On the morning of October 31, 1985, defendant took her children to school and then returned home and found the victim asleep. According to defendant, she went to the bedroom to talk to her husband, who jumped up, aimed a gun at her, and yelled “Who are you *758 and what are you going to do?” Continuing her story, defendant said that she grabbed the gun and wrestled with her husband to take it away from him; and that the gun went off and killed him.

An autopsy was performed and, based on the angle of the bullet and the lack of gunpowder stippling on the victim’s body, the death was ruled a homicide. However, defendant requested that a coroner’s inquest be held, and on December 30, 1985, the coroner’s jury ruled that the victim’s death was accidental. Accordingly, no charges were brought against defendant at that time.

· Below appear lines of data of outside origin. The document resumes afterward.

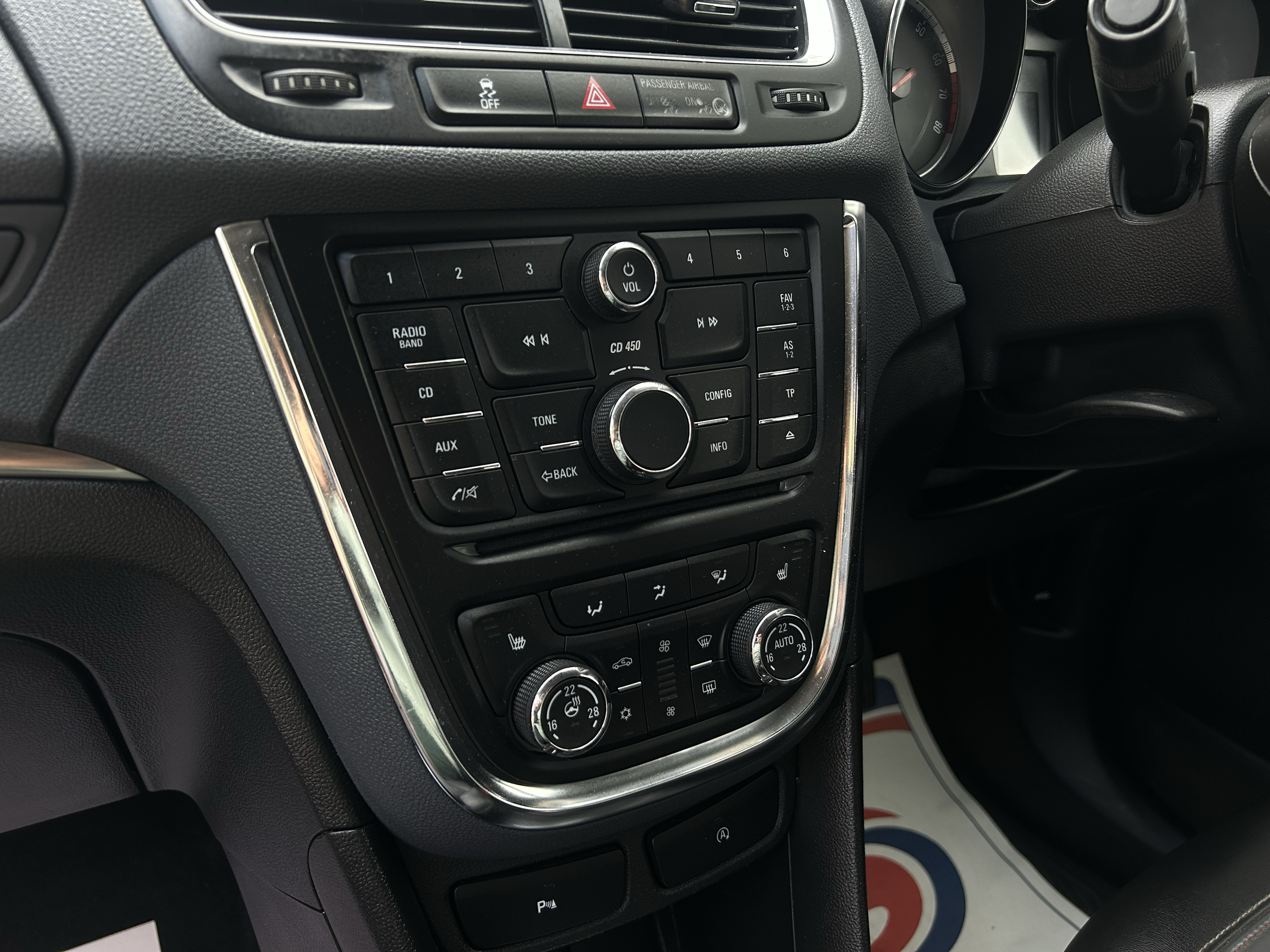 Close-up view of a car's center console showing various controls, including volume knob, radio, and climate control dials.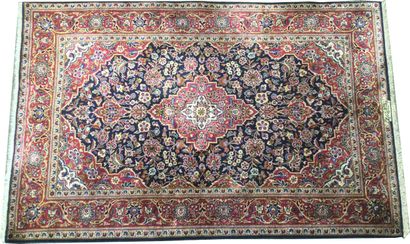 null IRAN, KACHAN carpet with central medallion representing a flowered rosette on...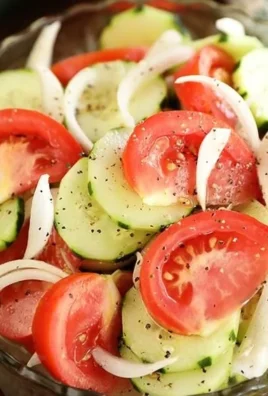 Fresh Tomato, Cucumber, and Onion Salad in a bowl, garnished with herbs.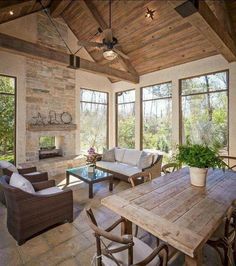 a living room filled with lots of furniture next to a fire place in a house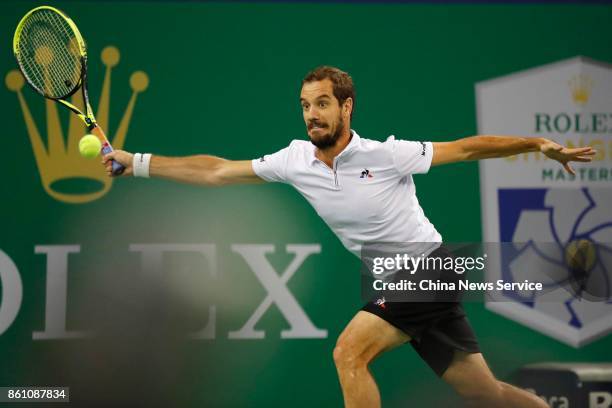 Richard Gasquet of France returns a shot during the Men's singles quarterfinal mach against Roger Federer of Switzerland on day six of 2017 ATP...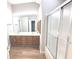 Bathroom boasts dual sinks, and shower and tub with sliding glass door at 2231 Reston Ln, Columbus, IN 47203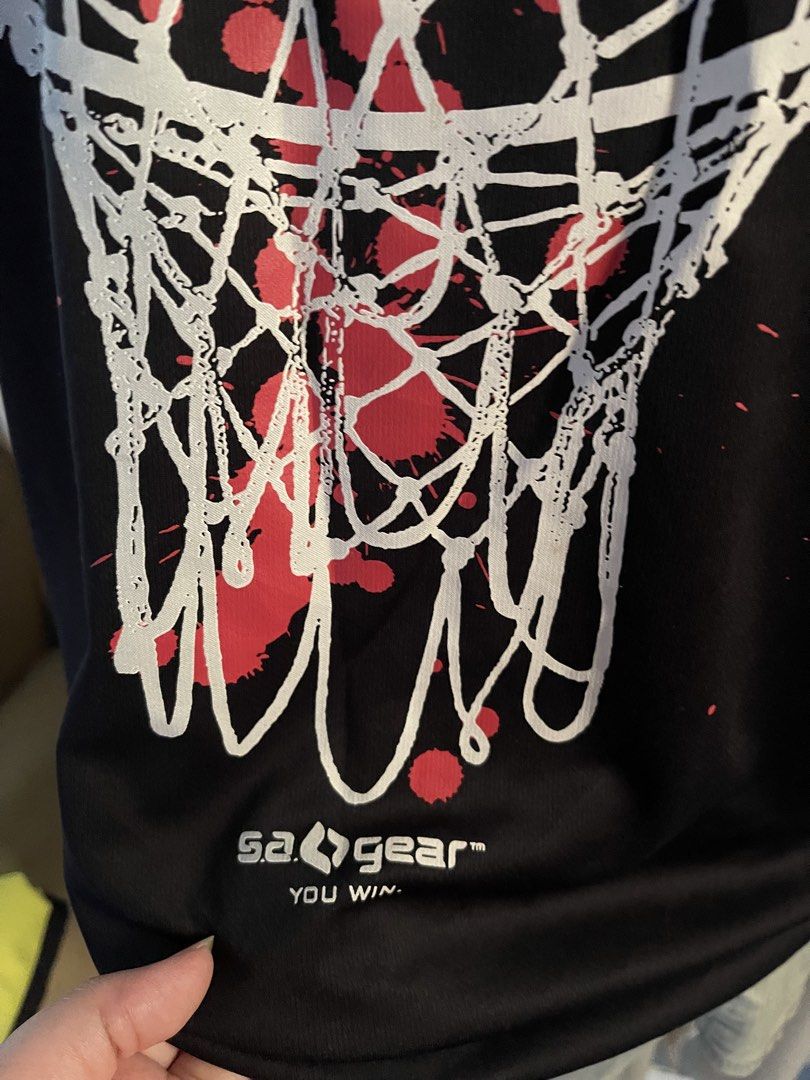 Sa Gear Basketball drifit (Category: Activewear) located in Cainta. Submitted by zlove111 (Listing ID 1470789810, Image 3). Description: - Brand: SA Gear - Style: Black long-sleeve crewneck shirt with a relaxed fit - Design: Large basketball net graphic with red splatters and motivational quote on the front - Details: Brand logo printed near the bottom hem - Material: Comfortable, high-quality fabric - Condition: Excellent / Pre-loved (manage exp
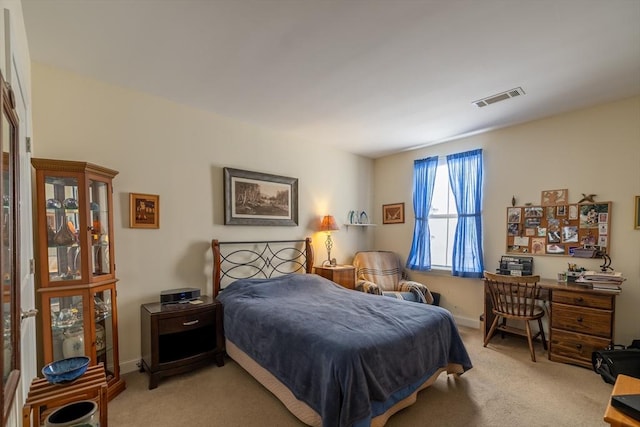 bedroom with light carpet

Defendant subsequently collected over $250,000 on her husband’s double indemnity life insurance policy. She also filed a malpractice lawsuit against the psychologist who treated her husband, and, after an appeal to this Court, 2 received a $40,000 settlement.

Five years later in July 1990, defendant conspired with her sister, Nell Matkin, to hire a hit man to kill Nell’s husband, Andy Matkin. Defendant contacted her nephew, Bobby Spargo, to enlist his help in the scheme; however, Spargo notified the G.B.I. of the plot. 3

The G.B.I. placed a microphone and recorder on Spargo to listen to and record conversations between Spargo and defendant. In the recorded conversations which followed, defendant made several statements implicating herself in both the murder and the attempted murder of her husband. Defendant stated that she had hired someone to kill her husband on October 4, adding that “[T]he little son-of-a-bitch didn’t do the job right”; and she described how she planned the October 31 murder of her husband to make it appear accidental:

“He was acting delirious and going crazy and all this shit and paranoid. I had set that scene, too, for a whole month. That happened on October the 4th, that first shooting. Okay, he didn’t die until October 31st, so I had a whole month to prepare the police and neighbors and friends about his delirium, his paranoia, his schizophrenia, his idea that somebody was coming back to get him.”

Finally, defendant admitted that she “shot [the victim] with his own gun.”

The evidence was sufficient to enable any rational trier of fact to find defendant guilty beyond a reasonable doubt of malice murder and attempt to commit murder. Jackson v. Virginia, 443 U. S. 307 (99 *759 SC 2781, 61 LE2d 560) (1979).

2. Defendant asserts the trial court erred in permitting the State to introduce evidence of defendant’s 1990 conspiracy conviction, arguing it was not offered for a proper purpose, and was not sufficiently similar to the charges in the case at hand. We disagree.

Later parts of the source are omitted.